• _WHAT IS NEEDED_
All entries are to be quoted exactly; the images stay out of the copy.

────────────────────

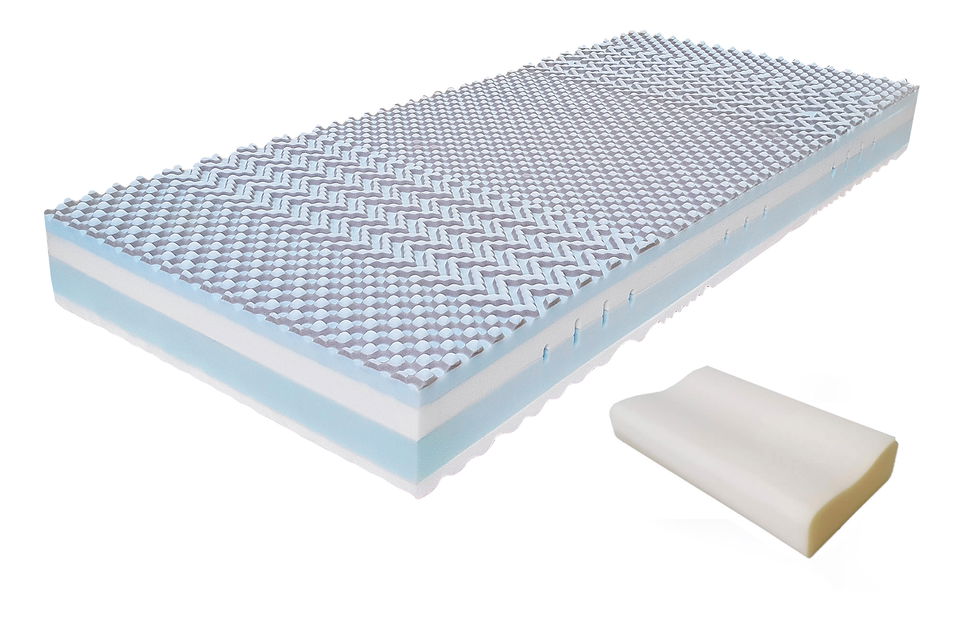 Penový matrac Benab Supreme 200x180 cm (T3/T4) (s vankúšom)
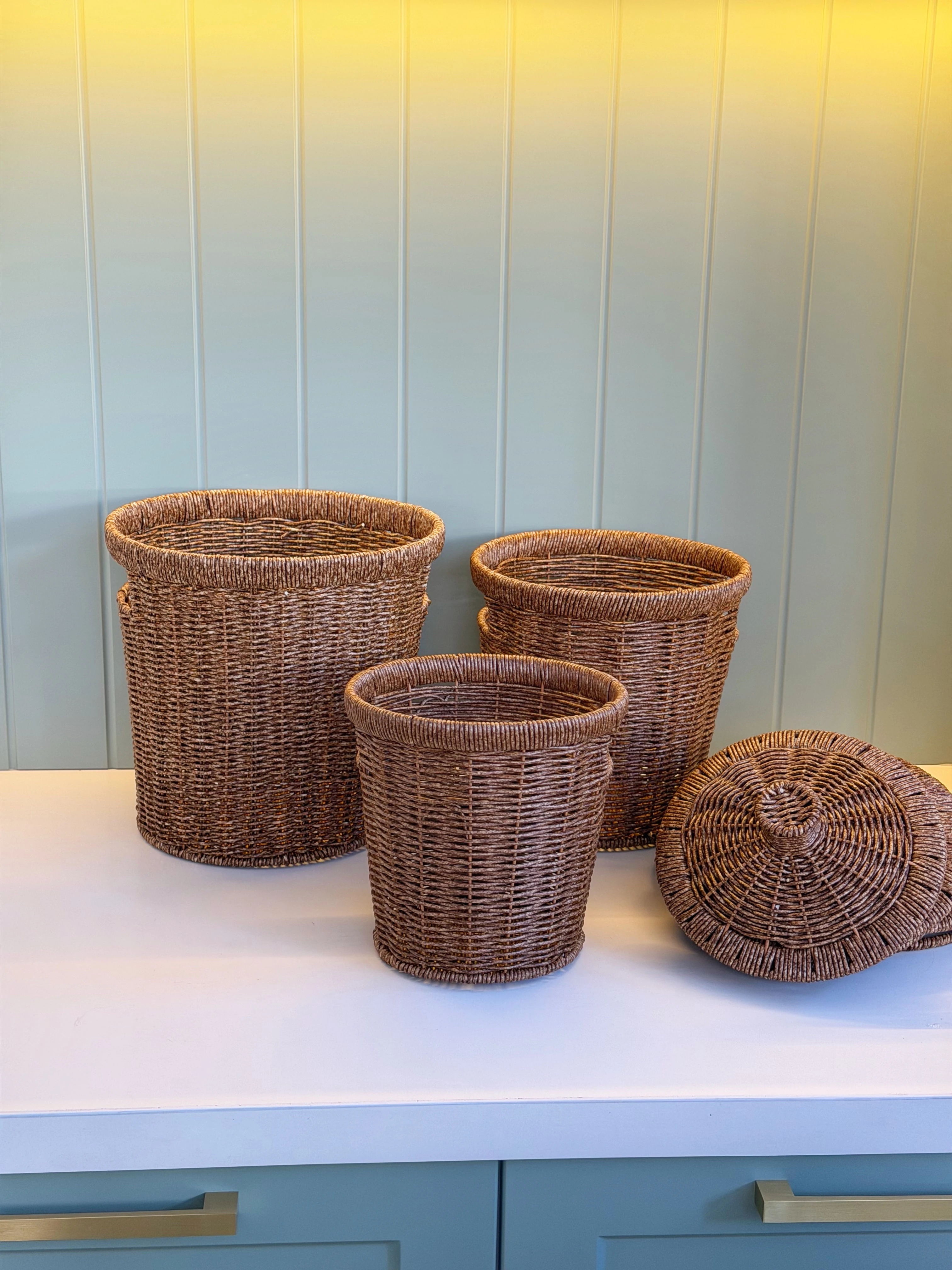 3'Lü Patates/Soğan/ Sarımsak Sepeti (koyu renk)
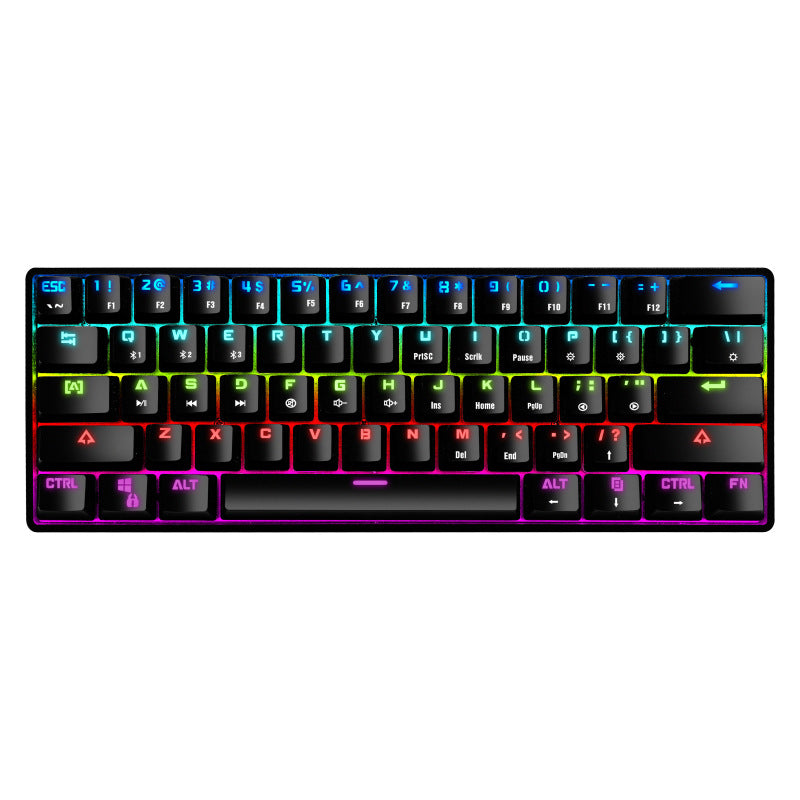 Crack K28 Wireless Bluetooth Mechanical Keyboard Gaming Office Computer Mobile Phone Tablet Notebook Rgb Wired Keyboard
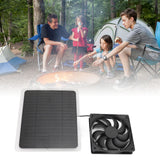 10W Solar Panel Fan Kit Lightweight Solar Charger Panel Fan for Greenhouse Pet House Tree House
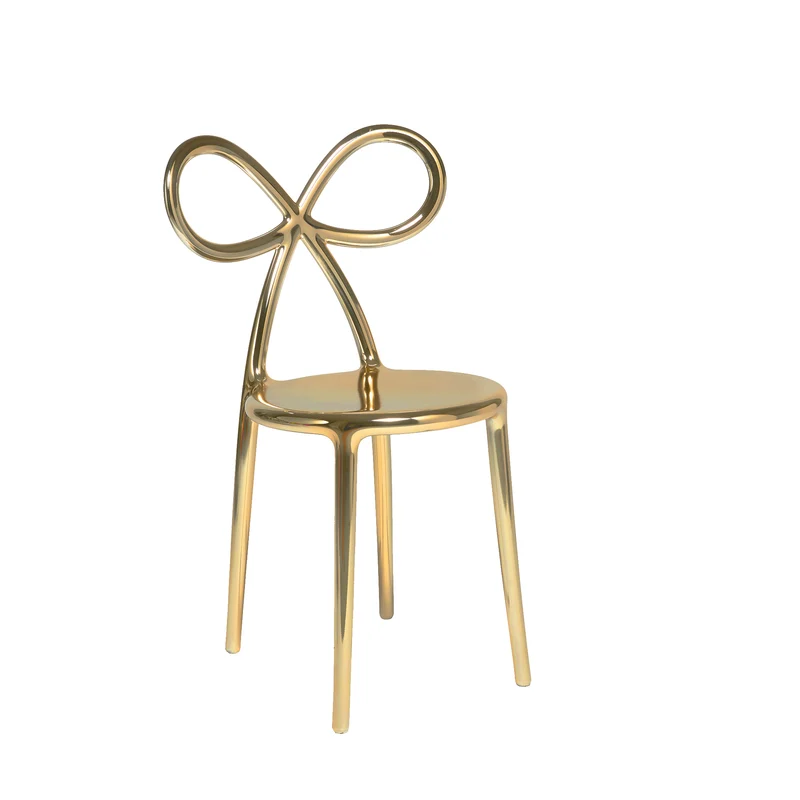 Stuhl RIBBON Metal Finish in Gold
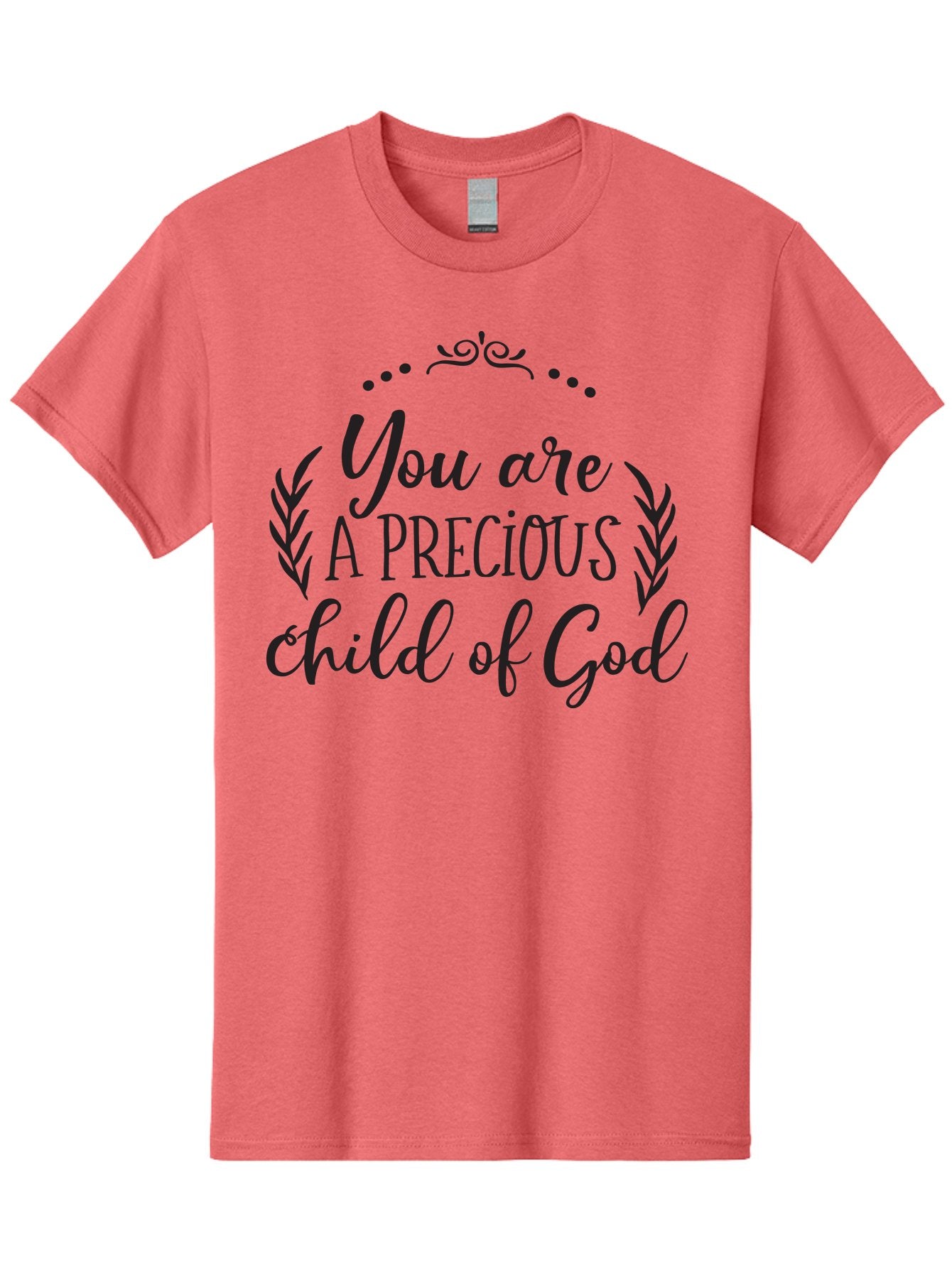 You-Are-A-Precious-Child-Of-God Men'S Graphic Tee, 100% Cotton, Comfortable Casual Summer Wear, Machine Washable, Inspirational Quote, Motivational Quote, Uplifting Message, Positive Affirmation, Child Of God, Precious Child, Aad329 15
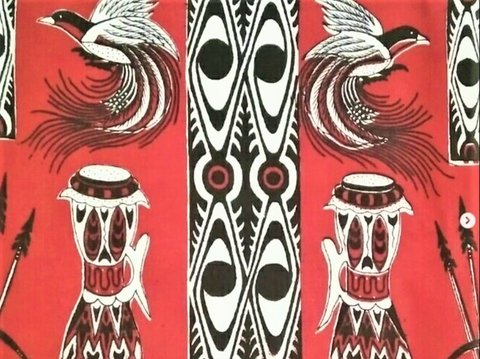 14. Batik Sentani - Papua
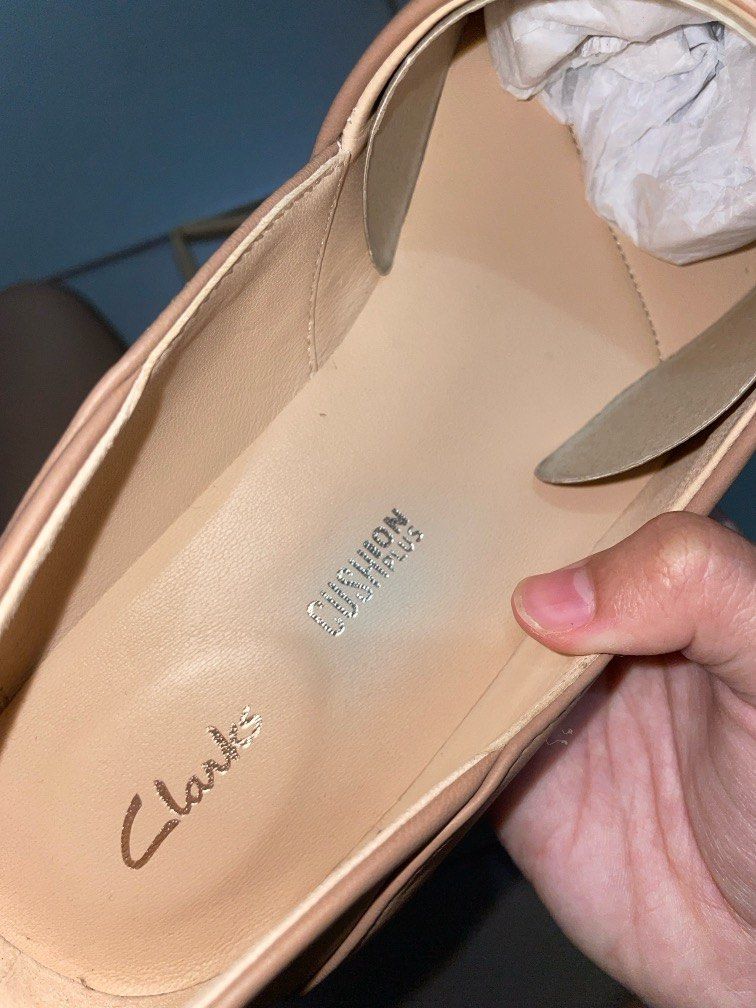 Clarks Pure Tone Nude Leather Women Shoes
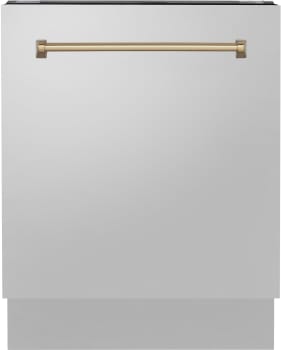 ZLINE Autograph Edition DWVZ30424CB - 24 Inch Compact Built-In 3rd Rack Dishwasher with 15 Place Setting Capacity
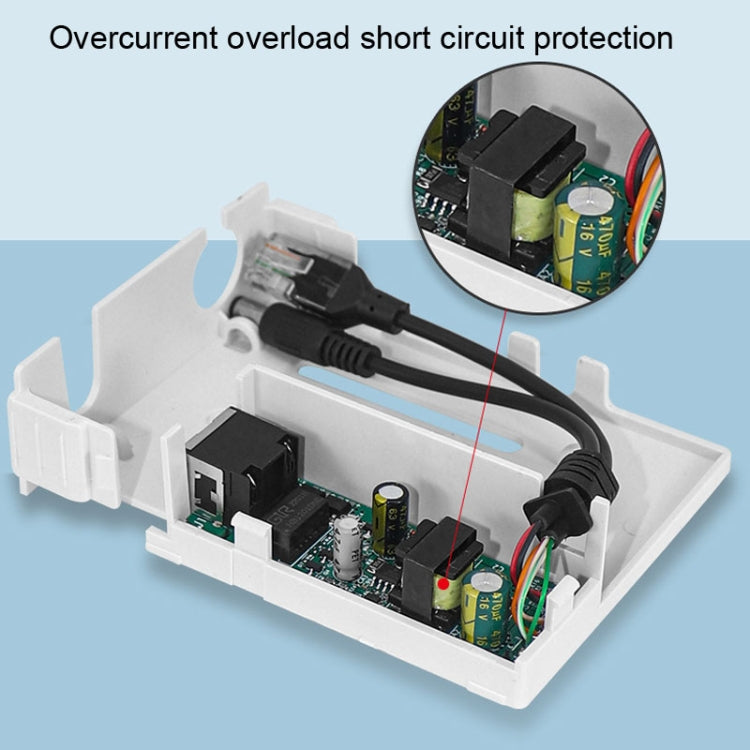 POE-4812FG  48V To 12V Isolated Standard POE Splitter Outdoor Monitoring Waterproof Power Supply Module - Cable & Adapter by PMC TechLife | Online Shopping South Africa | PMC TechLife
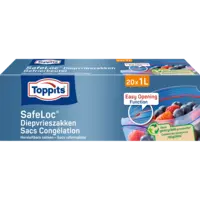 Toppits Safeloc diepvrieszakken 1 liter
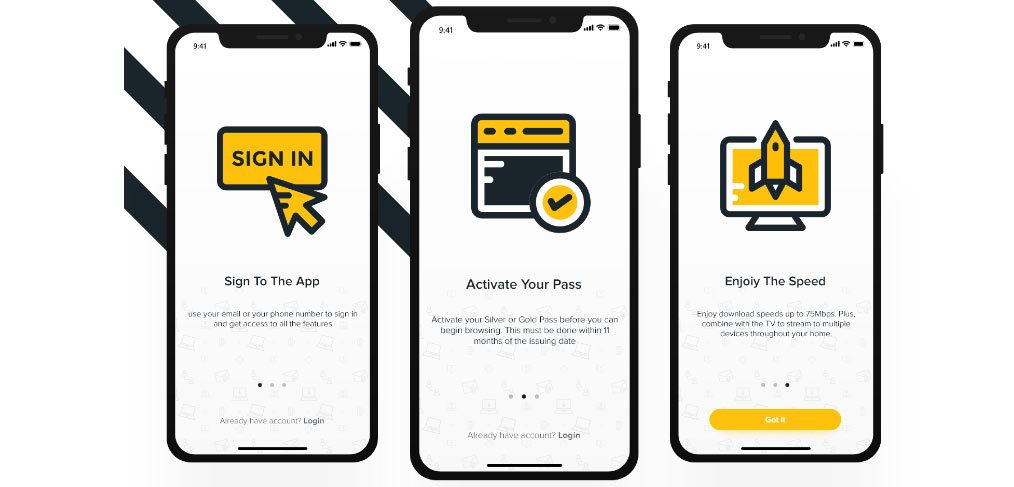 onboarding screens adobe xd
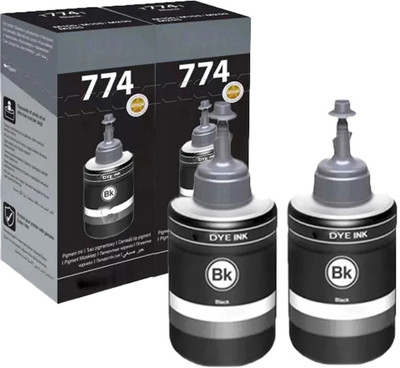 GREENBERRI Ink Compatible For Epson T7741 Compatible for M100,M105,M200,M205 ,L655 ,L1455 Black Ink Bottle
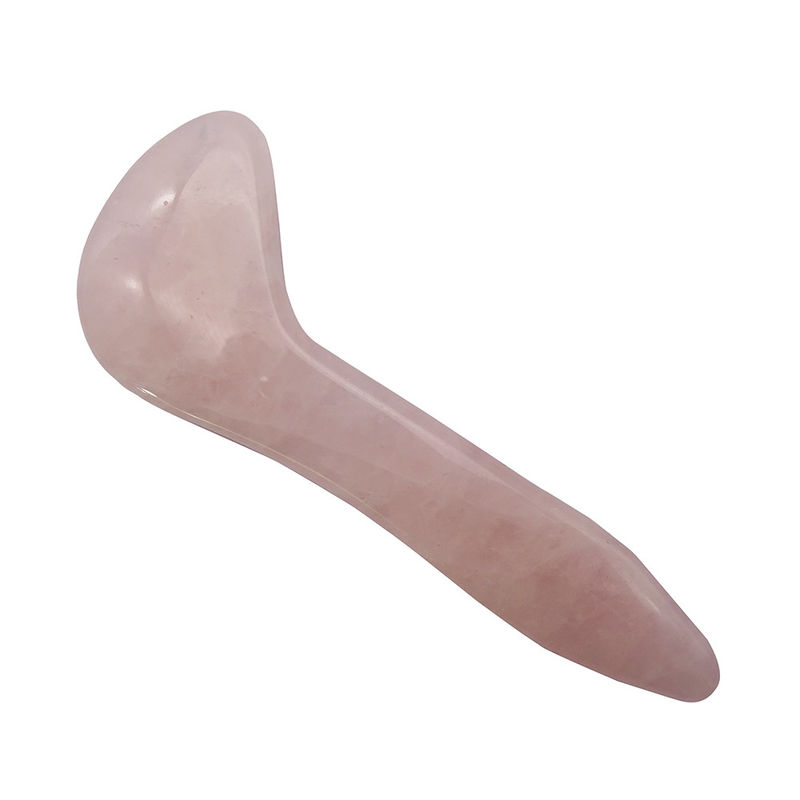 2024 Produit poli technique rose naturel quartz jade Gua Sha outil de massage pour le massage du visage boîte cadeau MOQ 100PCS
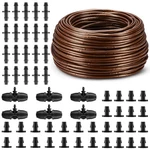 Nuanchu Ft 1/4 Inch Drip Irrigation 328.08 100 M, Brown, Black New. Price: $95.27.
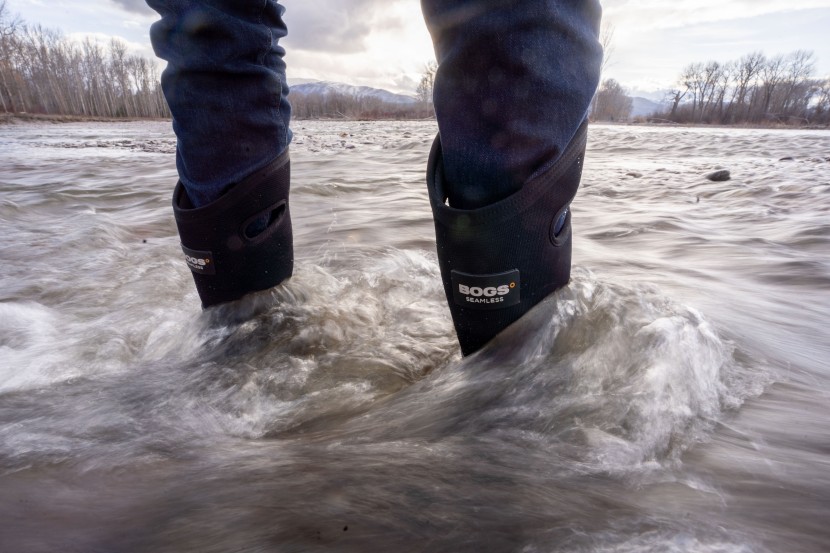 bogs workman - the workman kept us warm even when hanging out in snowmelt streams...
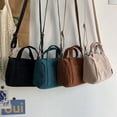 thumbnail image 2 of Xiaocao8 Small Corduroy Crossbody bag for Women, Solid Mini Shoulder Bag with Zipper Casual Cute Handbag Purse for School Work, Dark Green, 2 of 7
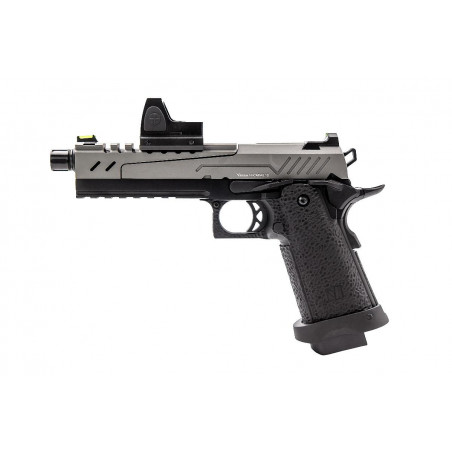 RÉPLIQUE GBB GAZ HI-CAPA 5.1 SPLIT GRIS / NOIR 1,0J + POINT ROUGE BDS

────────────────────

• _SOLUTION_
 Penový matrac Benab Supreme 200x180 cm (T3/T4) (s vankúšom)
 3'Lü Patates/Soğan/ Sarımsak Sepeti (koyu renk)
 Crack K28 Wireless Bluetooth Mechanical Keyboard Gaming Office Computer Mobile Phone Tablet Notebook Rgb Wired Keyboard
 10W Solar Panel Fan Kit Lightweight Solar Charger Panel Fan for Greenhouse Pet House Tree House
 Stuhl RIBBON Metal Finish in Gold
 You-Are-A-Precious-Child-Of-God Men'S Graphic Tee, 100% Cotton, Comfortable Casual Summer Wear, Machine Washable, Inspirational Quote, Motivational Quote, Uplifting Message, Positive Affirmation, Child Of God, Precious Child, Aad329 15
 14. Batik Sentani - Papua
 Clarks Pure Tone Nude Leather Women Shoes
 ZLINE Autograph Edition DWVZ30424CB - 24 Inch Compact Built-In 3rd Rack Dishwasher with 15 Place Setting Capacity
 POE-4812FG  48V To 12V Isolated Standard POE Splitter Outdoor Monitoring Waterproof Power Supply Module - Cable & Adapter by PMC TechLife | Online Shopping South Africa | PMC TechLife
 Toppits Safeloc diepvrieszakken 1 liter
 onboarding screens adobe xd
 GREENBERRI Ink Compatible For Epson T7741 Compatible for M100,M105,M200,M205 ,L655 ,L1455 Black Ink Bottle
 2024 Produit poli technique rose naturel quartz jade Gua Sha outil de massage pour le massage du visage boîte cadeau MOQ 100PCS
 Nuanchu Ft 1/4 Inch Drip Irrigation 328.08 100 M, Brown, Black New. Price: $95.27.
 bogs workman - the workman kept us warm even when hanging out in snowmelt streams...
 thumbnail image 2 of Xiaocao8 Small Corduroy Crossbody bag for Women, Solid Mini Shoulder Bag with Zipper Casual Cute Handbag Purse for School Work, Dark Green, 2 of 7
 RÉPLIQUE GBB GAZ HI-CAPA 5.1 SPLIT GRIS / NOIR 1,0J + POINT ROUGE BDS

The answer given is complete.